THE Scholarly Web
Weekly transmissions from the blogosphere
Life as a postgraduate is tough. For those who overcome the initial funding difficulties, there are still numerous challenges as they juggle low-paid teaching and other part-time work with all the other things considered essential to building an academic career.
This "strangely skewed economy of the academy" is analysed in a blog post by Melonie Fullick, a doctoral student at York University, Toronto, who focuses on the prohibitive expense of attending academic conferences.
"Conferences can be a great academic opportunity and are presented to graduate students as such," she writes. "You can meet others and share ideas, as well as giving and receiving feedback and discovering new possibilities for collaboration.
"But...conferences are also expensive. Attendees must pay for travel, accommodation and the ubiquitous registration fees."

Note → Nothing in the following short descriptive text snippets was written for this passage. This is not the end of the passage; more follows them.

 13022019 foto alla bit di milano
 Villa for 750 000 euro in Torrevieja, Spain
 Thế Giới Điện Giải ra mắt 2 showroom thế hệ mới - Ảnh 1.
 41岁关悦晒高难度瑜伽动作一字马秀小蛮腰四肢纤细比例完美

This cost barrier is part of a wider issue, Ms Fullick believes.
"For many graduate students, it's an expense that is beyond their limited budgets. Yet there is little hope of finding an academic job without attending and presenting at conferences during the course of the PhD.

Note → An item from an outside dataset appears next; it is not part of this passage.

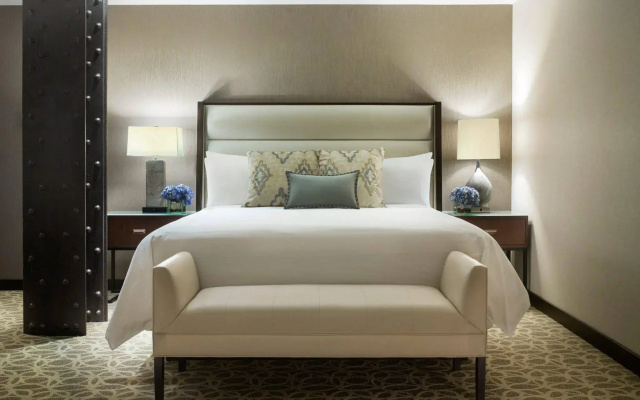 photo 2 of JW Marriott Houston Downtown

"Grad students aren't paid for the time we spend writing conference presentations, or for the presentations themselves; nor are we reimbursed for the travel costs. It's all considered part of the investment we make in our own careers...What this means is that in graduate school we get used to working for nothing."
She quotes a tweet from another PhD candidate in a similar position, Ernesto Priego (@ernestopriego), who says this system perpetuates privilege because only "those who have afforded to work for free will get jobs. The vicious circle is maddening."

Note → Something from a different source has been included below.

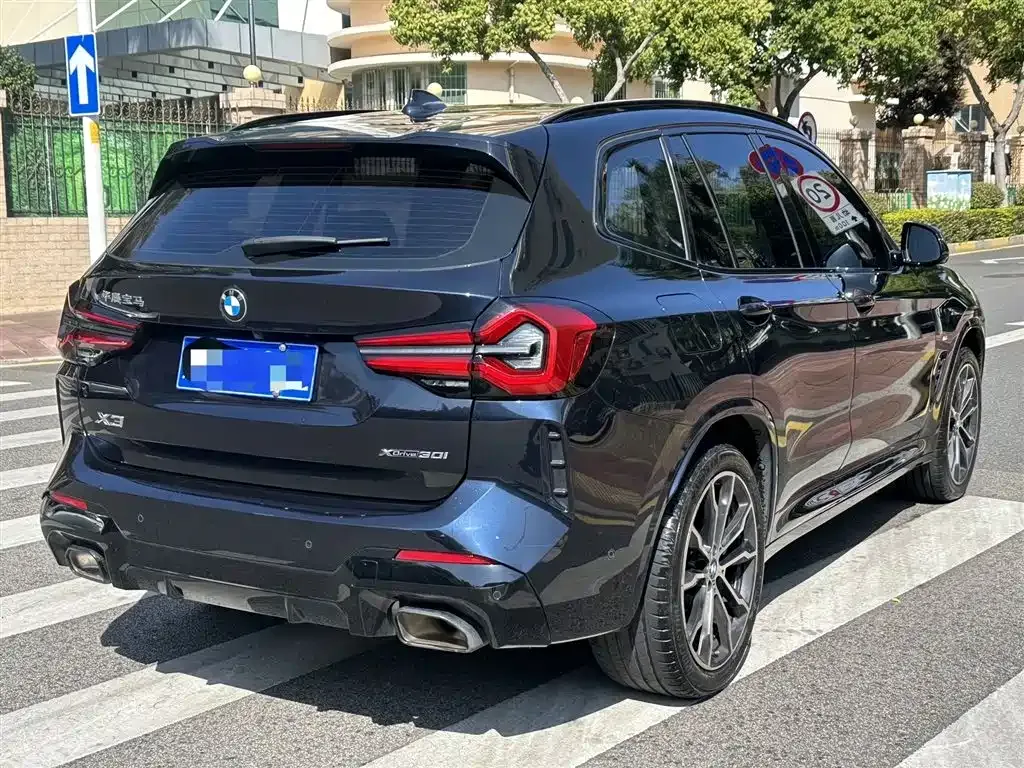 BMW X3 — фото 8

The result, Ms Fullick argues, is that "in spite of increasing accessibility in terms of enrolments, graduate education still tends to be stratified by socioeconomic class".
This is further entrenched by the changing nature of the academic profession in the US. "The assumed, eventual 'payoff' is now less available than ever," Ms Fullick writes.
"The 'academic economy' I described may have made more sense in the now-distant past when tenure-track jobs were more readily available, and when publishing was something you could leave until after graduation. But permanent-track professors actually don't really do these things for 'free'. They earn a stable salary and they receive institutional support for research-related activities, which are considered part of the job."
She concludes by saying that her point "is not that we should do nothing for free, or that we should all leave the academic profession for higher-paying jobs in other areas".
Rather, "what I want to emphasise is that many graduate students have little sense of the worth of their contributions...Because academe presents itself as a meritocracy, often those who 'fail' tend to blame themselves for it. But 'pure' meritocracy is a myth. This is why knowing your own value means understanding not just what you have to offer in multiple contexts, but also that you have real choices, that there are fruitful possibilities, and that given the kinds of sacrifices involved, 'traditional' academic work may not be the best among them."